Nestling between another massive boulder and a group of apple trees, Charley and Calum have installed a Japanese-style hot tub. The water is pumped through a wood burner and my cousin Abbie and I lolled in a fragrant casket of piping hot water, restoring our tired limbs to pink plumpness, drinking rosé and feasting our eyes on the view of rolling hills.
Le Monteil is a place to indulge your fantasies of moving to a gorgeous, empty part of France (45 minutes from the nearest TGV line to Paris) and trying out a bit of rural self-sufficiency. It will be interesting to see which give the hosts more trouble – demanding glamping guests or livestock.
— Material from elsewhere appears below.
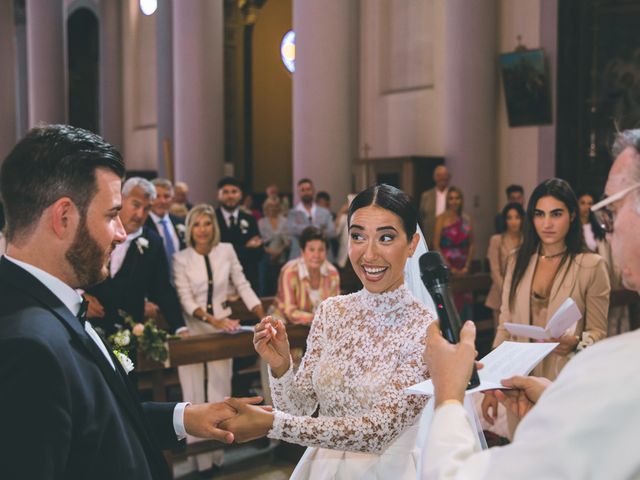 Il matrimonio di Riccardo e Ilaria a Legnano, Milano 55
During our visit, a cute striped wild boar piglet broke into the Tamworths’ enclosure, and had to be caught before its much bigger and not at all cute parents came looking for it, and smashed the fence down.
You can walk for miles from Le Monteil, through deciduous woodland, and along tracks and roads where you won’t meet a soul. You will pass through hamlets where one or two properties have been done up as gîtes, but many more appear to be empty – triggering more fantasies of moving to rural France.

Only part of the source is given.